[Start of Attachment]

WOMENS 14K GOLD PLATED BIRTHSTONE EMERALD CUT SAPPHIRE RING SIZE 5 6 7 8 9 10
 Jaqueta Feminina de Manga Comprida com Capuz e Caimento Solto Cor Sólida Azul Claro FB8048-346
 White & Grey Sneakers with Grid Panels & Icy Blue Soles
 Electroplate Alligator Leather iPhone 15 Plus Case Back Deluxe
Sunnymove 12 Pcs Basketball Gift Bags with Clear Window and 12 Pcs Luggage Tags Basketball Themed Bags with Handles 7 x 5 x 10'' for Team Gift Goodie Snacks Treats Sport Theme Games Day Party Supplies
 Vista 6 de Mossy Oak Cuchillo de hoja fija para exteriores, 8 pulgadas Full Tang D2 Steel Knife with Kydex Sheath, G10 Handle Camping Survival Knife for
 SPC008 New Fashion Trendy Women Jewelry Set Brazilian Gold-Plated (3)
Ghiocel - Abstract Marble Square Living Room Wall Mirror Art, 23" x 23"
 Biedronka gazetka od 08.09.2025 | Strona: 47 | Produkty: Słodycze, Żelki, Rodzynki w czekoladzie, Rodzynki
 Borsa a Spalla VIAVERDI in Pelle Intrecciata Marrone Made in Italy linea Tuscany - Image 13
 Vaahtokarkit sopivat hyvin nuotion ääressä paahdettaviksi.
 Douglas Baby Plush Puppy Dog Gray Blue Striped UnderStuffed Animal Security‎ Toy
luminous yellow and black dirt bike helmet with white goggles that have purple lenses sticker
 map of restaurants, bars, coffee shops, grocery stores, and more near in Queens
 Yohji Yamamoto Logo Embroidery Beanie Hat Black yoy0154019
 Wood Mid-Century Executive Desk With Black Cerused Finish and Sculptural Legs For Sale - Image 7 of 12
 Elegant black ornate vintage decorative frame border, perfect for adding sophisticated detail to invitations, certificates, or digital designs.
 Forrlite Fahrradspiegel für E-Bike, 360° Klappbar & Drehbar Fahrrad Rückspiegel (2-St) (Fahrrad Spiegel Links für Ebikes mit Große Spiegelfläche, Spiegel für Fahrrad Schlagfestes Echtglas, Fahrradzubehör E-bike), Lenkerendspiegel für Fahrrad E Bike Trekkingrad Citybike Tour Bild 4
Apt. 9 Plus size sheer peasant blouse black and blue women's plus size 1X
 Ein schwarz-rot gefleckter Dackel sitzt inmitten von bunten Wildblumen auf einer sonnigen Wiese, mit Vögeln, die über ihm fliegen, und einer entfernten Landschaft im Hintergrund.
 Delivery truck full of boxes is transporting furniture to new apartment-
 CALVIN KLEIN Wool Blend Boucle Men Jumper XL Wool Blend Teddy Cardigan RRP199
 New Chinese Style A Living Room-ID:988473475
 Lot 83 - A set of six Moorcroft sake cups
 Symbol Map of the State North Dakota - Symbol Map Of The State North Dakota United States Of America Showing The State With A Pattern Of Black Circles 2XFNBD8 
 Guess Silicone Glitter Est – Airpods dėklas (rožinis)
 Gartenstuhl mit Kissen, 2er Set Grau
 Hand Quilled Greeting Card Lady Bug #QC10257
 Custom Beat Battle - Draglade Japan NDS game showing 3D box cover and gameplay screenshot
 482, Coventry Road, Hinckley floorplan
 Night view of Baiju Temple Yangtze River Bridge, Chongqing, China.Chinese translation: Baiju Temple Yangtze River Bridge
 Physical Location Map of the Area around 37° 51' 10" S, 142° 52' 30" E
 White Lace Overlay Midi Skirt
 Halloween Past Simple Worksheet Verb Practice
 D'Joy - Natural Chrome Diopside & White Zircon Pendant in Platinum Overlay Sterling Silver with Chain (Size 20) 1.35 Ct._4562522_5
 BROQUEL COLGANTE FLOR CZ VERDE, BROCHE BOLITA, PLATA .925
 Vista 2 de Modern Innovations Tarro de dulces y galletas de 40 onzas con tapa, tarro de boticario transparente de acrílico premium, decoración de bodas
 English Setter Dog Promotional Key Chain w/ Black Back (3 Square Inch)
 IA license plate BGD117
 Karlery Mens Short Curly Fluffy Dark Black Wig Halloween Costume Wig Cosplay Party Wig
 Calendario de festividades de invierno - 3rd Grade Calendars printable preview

[End of Attachment]

Repeat the material above exactly, including every line.

WOMENS 14K GOLD PLATED BIRTHSTONE EMERALD CUT SAPPHIRE RING SIZE 5 6 7 8 9 10
 Jaqueta Feminina de Manga Comprida com Capuz e Caimento Solto Cor Sólida Azul Claro FB8048-346
 White & Grey Sneakers with Grid Panels & Icy Blue Soles
 Electroplate Alligator Leather iPhone 15 Plus Case Back Deluxe
Sunnymove 12 Pcs Basketball Gift Bags with Clear Window and 12 Pcs Luggage Tags Basketball Themed Bags with Handles 7 x 5 x 10'' for Team Gift Goodie Snacks Treats Sport Theme Games Day Party Supplies
 Vista 6 de Mossy Oak Cuchillo de hoja fija para exteriores, 8 pulgadas Full Tang D2 Steel Knife with Kydex Sheath, G10 Handle Camping Survival Knife for
 SPC008 New Fashion Trendy Women Jewelry Set Brazilian Gold-Plated (3)
Ghiocel - Abstract Marble Square Living Room Wall Mirror Art, 23" x 23"
 Biedronka gazetka od 08.09.2025 | Strona: 47 | Produkty: Słodycze, Żelki, Rodzynki w czekoladzie, Rodzynki
 Borsa a Spalla VIAVERDI in Pelle Intrecciata Marrone Made in Italy linea Tuscany - Image 13
 Vaahtokarkit sopivat hyvin nuotion ääressä paahdettaviksi.
 Douglas Baby Plush Puppy Dog Gray Blue Striped UnderStuffed Animal Security‎ Toy
luminous yellow and black dirt bike helmet with white goggles that have purple lenses sticker
 map of restaurants, bars, coffee shops, grocery stores, and more near in Queens
 Yohji Yamamoto Logo Embroidery Beanie Hat Black yoy0154019
 Wood Mid-Century Executive Desk With Black Cerused Finish and Sculptural Legs For Sale - Image 7 of 12
 Elegant black ornate vintage decorative frame border, perfect for adding sophisticated detail to invitations, certificates, or digital designs.
 Forrlite Fahrradspiegel für E-Bike, 360° Klappbar & Drehbar Fahrrad Rückspiegel (2-St) (Fahrrad Spiegel Links für Ebikes mit Große Spiegelfläche, Spiegel für Fahrrad Schlagfestes Echtglas, Fahrradzubehör E-bike), Lenkerendspiegel für Fahrrad E Bike Trekkingrad Citybike Tour Bild 4
Apt. 9 Plus size sheer peasant blouse black and blue women's plus size 1X
 Ein schwarz-rot gefleckter Dackel sitzt inmitten von bunten Wildblumen auf einer sonnigen Wiese, mit Vögeln, die über ihm fliegen, und einer entfernten Landschaft im Hintergrund.
 Delivery truck full of boxes is transporting furniture to new apartment-
 CALVIN KLEIN Wool Blend Boucle Men Jumper XL Wool Blend Teddy Cardigan RRP199
 New Chinese Style A Living Room-ID:988473475
 Lot 83 - A set of six Moorcroft sake cups
 Symbol Map of the State North Dakota - Symbol Map Of The State North Dakota United States Of America Showing The State With A Pattern Of Black Circles 2XFNBD8 
 Guess Silicone Glitter Est – Airpods dėklas (rožinis)
 Gartenstuhl mit Kissen, 2er Set Grau
 Hand Quilled Greeting Card Lady Bug #QC10257
 Custom Beat Battle - Draglade Japan NDS game showing 3D box cover and gameplay screenshot
 482, Coventry Road, Hinckley floorplan
 Night view of Baiju Temple Yangtze River Bridge, Chongqing, China.Chinese translation: Baiju Temple Yangtze River Bridge
 Physical Location Map of the Area around 37° 51' 10" S, 142° 52' 30" E
 White Lace Overlay Midi Skirt
 Halloween Past Simple Worksheet Verb Practice
 D'Joy - Natural Chrome Diopside & White Zircon Pendant in Platinum Overlay Sterling Silver with Chain (Size 20) 1.35 Ct._4562522_5
 BROQUEL COLGANTE FLOR CZ VERDE, BROCHE BOLITA, PLATA .925
 Vista 2 de Modern Innovations Tarro de dulces y galletas de 40 onzas con tapa, tarro de boticario transparente de acrílico premium, decoración de bodas
 English Setter Dog Promotional Key Chain w/ Black Back (3 Square Inch)
 IA license plate BGD117
 Karlery Mens Short Curly Fluffy Dark Black Wig Halloween Costume Wig Cosplay Party Wig
 Calendario de festividades de invierno - 3rd Grade Calendars printable preview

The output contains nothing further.